TASK DESCRIPTION: From the entries below, copy every line where the string "semi" appears.
(Beginning of INPUT MATERIAL)
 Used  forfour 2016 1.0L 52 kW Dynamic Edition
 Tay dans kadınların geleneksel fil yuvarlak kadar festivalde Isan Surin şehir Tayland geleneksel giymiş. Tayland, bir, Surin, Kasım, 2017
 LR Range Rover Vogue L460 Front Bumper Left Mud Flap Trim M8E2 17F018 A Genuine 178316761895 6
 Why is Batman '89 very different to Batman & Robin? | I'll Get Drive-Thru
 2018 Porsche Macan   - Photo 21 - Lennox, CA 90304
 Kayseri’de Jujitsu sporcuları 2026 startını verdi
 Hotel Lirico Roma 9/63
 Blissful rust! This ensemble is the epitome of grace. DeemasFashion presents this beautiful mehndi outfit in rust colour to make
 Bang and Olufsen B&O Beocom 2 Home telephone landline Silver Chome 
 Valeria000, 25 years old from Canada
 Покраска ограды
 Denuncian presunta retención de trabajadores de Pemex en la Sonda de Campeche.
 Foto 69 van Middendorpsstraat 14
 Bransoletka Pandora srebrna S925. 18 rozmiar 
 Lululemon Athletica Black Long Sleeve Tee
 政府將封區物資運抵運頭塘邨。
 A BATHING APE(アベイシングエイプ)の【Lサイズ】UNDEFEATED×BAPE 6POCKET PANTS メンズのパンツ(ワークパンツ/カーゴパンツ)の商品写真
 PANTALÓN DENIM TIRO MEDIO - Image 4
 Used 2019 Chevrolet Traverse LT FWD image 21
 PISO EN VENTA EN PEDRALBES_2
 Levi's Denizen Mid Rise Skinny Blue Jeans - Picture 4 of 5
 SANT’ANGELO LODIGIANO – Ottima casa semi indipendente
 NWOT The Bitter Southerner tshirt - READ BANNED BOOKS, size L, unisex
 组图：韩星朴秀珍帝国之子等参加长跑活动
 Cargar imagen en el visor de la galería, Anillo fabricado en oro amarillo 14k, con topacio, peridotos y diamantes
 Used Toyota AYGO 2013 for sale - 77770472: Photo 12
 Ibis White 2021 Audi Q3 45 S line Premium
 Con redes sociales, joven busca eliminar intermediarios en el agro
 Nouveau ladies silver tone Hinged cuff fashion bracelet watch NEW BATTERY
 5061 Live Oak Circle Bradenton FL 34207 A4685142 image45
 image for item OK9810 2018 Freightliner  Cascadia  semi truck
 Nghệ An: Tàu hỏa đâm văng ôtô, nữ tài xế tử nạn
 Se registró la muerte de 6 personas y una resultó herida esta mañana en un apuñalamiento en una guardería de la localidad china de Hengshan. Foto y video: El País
(End of INPUT MATERIAL)
RESULT FOR THIS TASK:
 SANT’ANGELO LODIGIANO – Ottima casa semi indipendente
 image for item OK9810 2018 Freightliner  Cascadia  semi truck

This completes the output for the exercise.